Low Testosterone and Blood Disorders
An episode of the The BioBalance Healthcast podcast, hosted by Romondo Davis, titled "Low Testosterone and Blood Disorders" was published on July 9, 2014 and runs 22 minutes.
July 9, 2014 ·22m · The BioBalance Healthcast
Episode Description
One of the exciting things that happens in my office is when a patient comes in animated with joy because of the success of our treatments. This recently happened in an unusual way when a man came into my waiting room and announced to me in a very loud voice: “You literally saved my life and I want to thank you for it!” At the time, I thought that he was just happy with the results of the testosterone we had replaced for him. Perhaps his sex life had been returned or he and his wife were no longer fighting. Typically, men quickly feel better when they return to a normal (adequate) level of testosterone, so this statement is not unusual. I told him it was my pleasure to help him. But he insisted on telling me and all of the other patients in the waiting room his story.

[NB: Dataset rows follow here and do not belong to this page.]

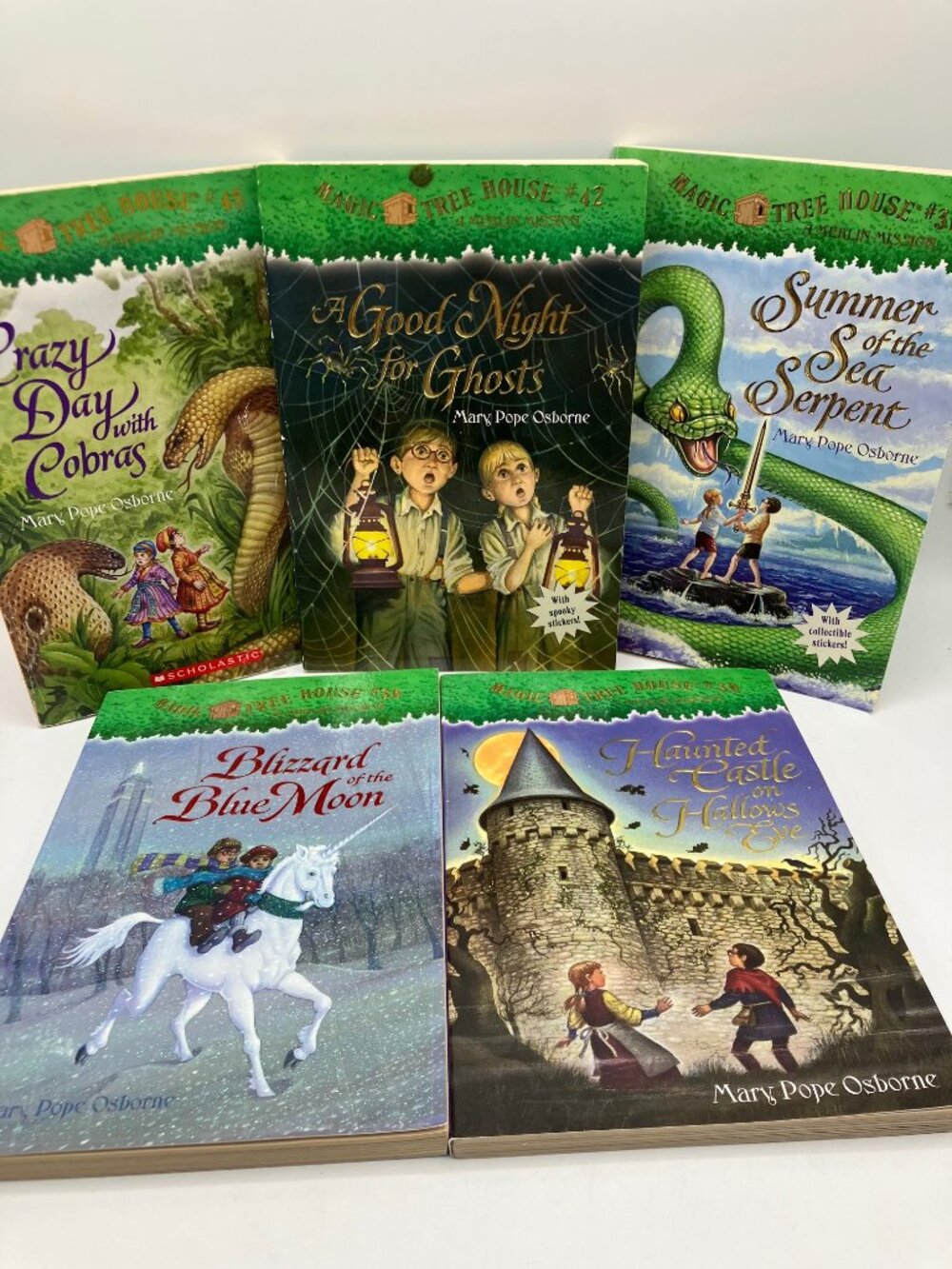 Five Magic Treehouse Books Scholastic Merlins Mission Good Condition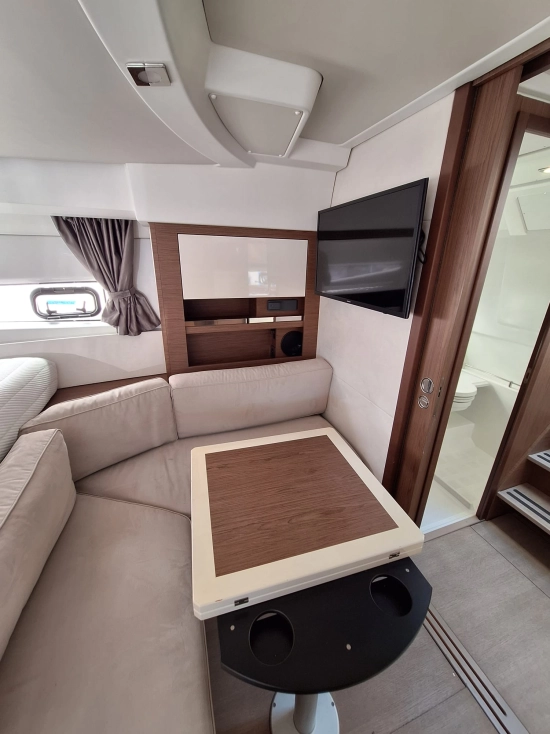 Jeanneau Leader 36 Sportop usado à venda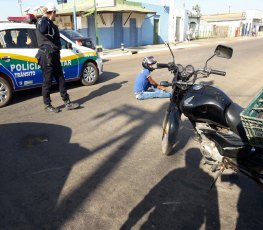 TRÂNSITO: Motociclista fica ferido em acidente na capital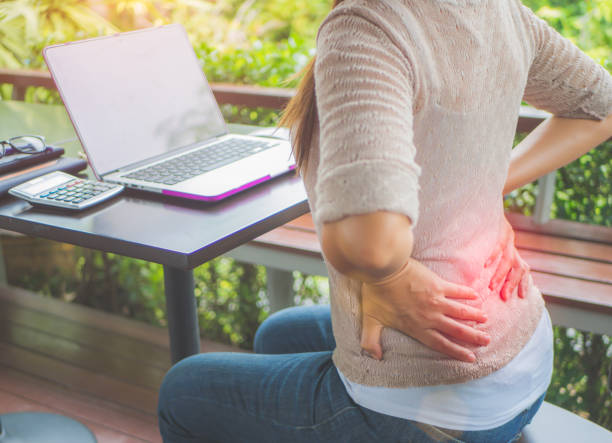 closeup frau mit händen, die ihre taille schmerzen zurückhalten. büro-syndrom und gesundheits-konzept. - backache massaging pain back stock-fotos und bilder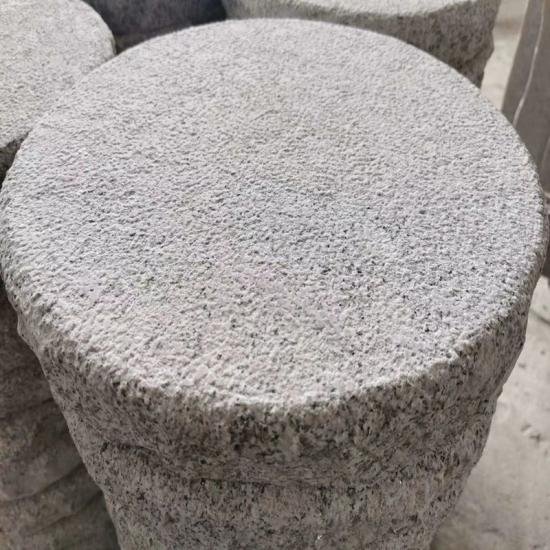 White Granite Flamed Top Rough Edges Round Granite Stepper For Garden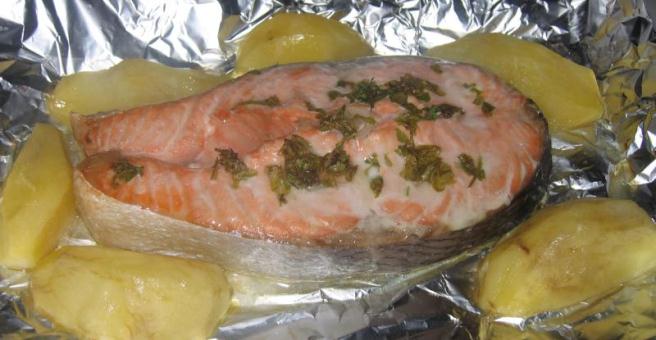 Форель, запеченная в духовке с картошкой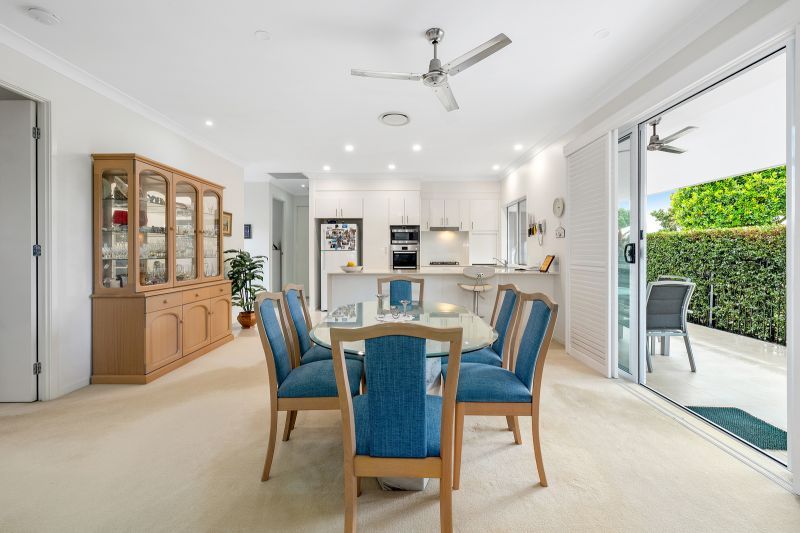 Lush Three Bedroom Corner Hideaway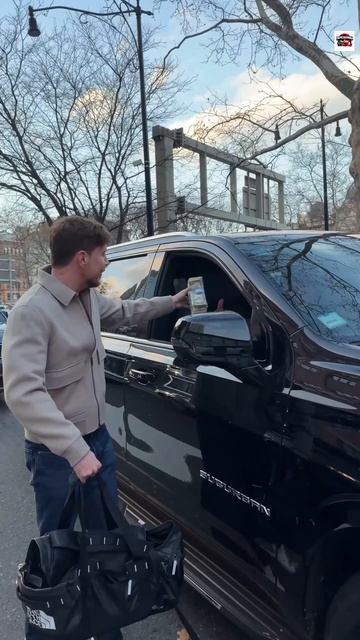Я Заплатил Всем, Кто Застрял В Пробке! MrBeast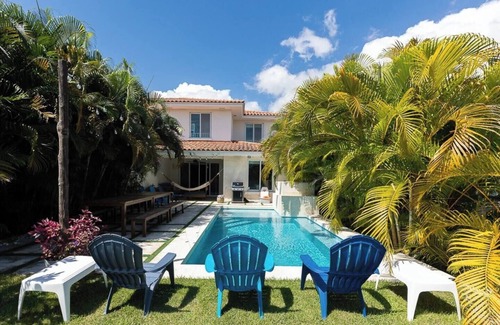 El Palmar Villa | Elegant Villa with Private Pool Steps from the Beach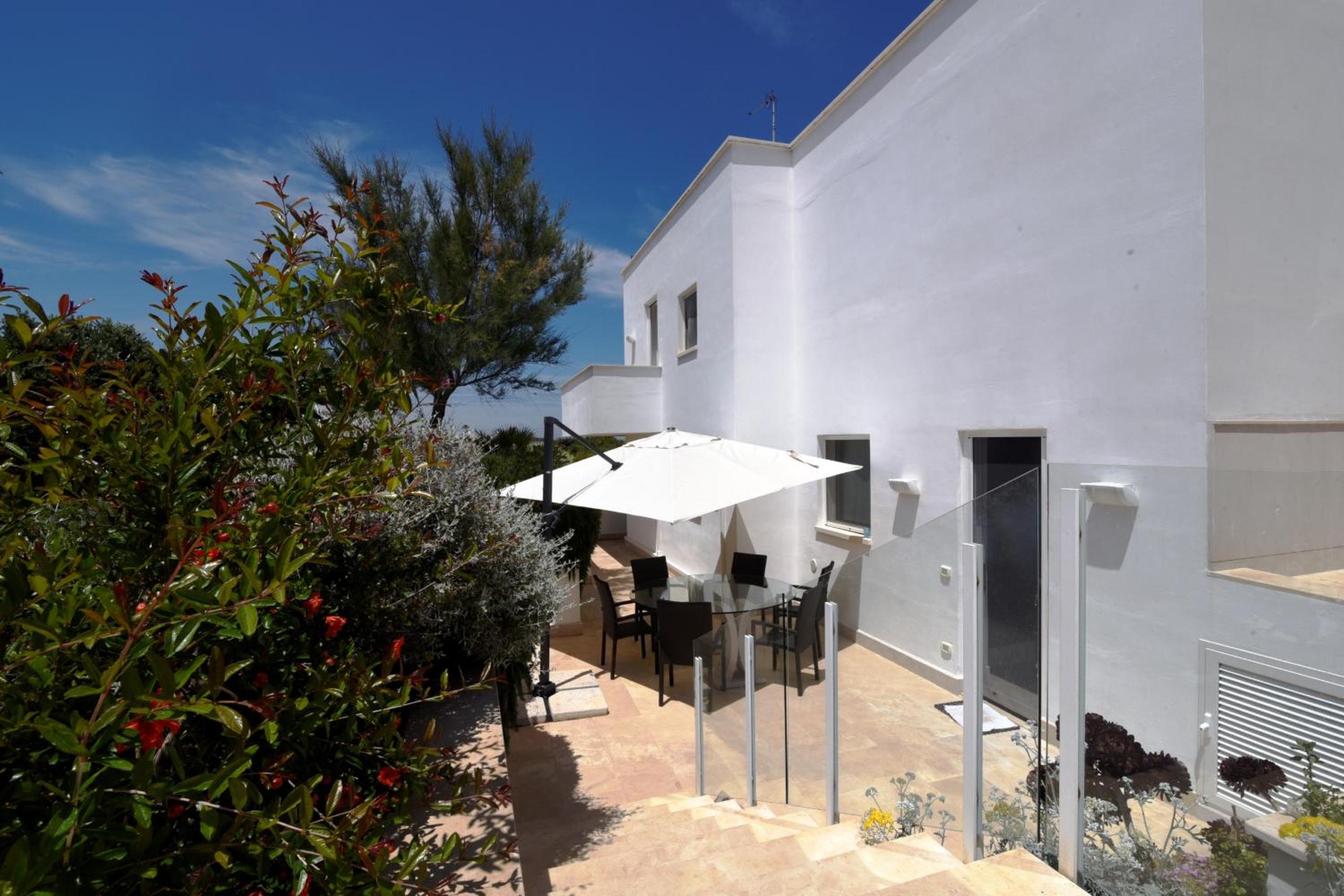 Villa Emiele con vista mare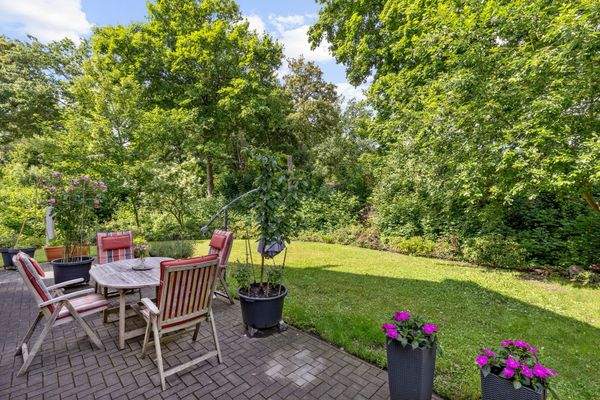 Umlaufende Terrasse in Südwest-Austichtung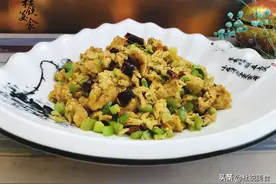 虾酱炒好则鲜炒错则臭，切记“放3样调2种”，炒的虾酱鲜香不腥图片
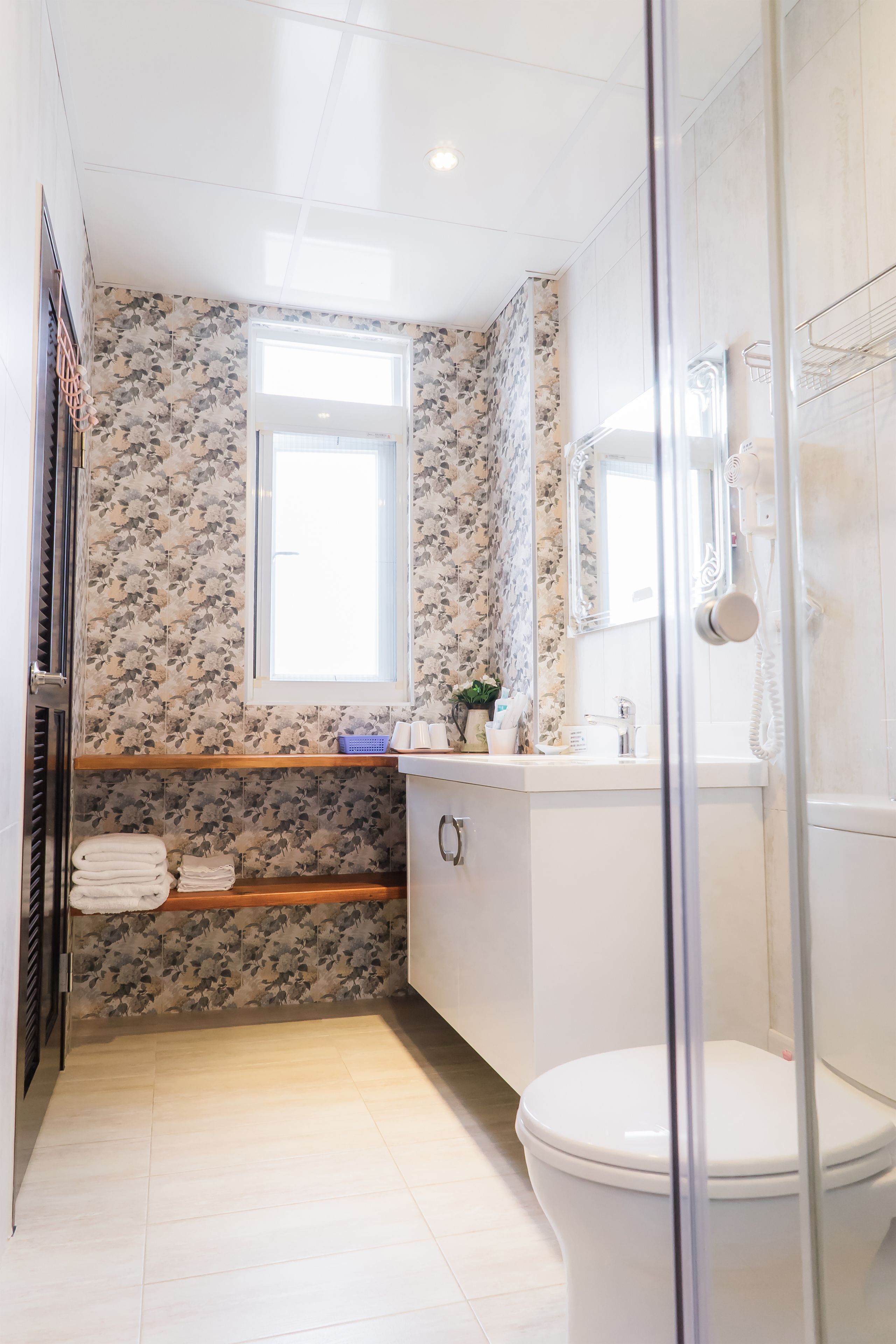 Un baño con ducha, inodoro y lavamanos.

When he first came to me for evaluation, I gave him his first dose of testosterone but told him that he could not continue until he saw his primary care doctor to work up some unusual findings in his blood tests. I knew his particular problem could be anything from minor to life-threatening. His regular doctor saw nothing wrong, and sent him back to me. I still refused to provide him with testosterone replacement because long-term testosterone could worsen some of the possible diagnoses that he might have had. I had made him concerned enough that he went to a specialist in hematology.
This specialist, a hematologist/oncologist, found that he had a genetic mutation that made his red blood count very high and never turn off. As a result, his blood was too thick and he needed to periodically donate and destroy a unit of blood to bring him from accumulating too much. This is called a Jak2 mutation and it is rare, but not unusual. The specialist was concerned that his regular doctor had missed it. Once he was treated for it, he sent the man back to me with the message: “Most men your age with this problem have already had strokes or heart attacks. This is potentially fatal and it is good that we caught it.” My patient had gotten a second lease on life, and the initial testosterone had made him feel young and healthy again.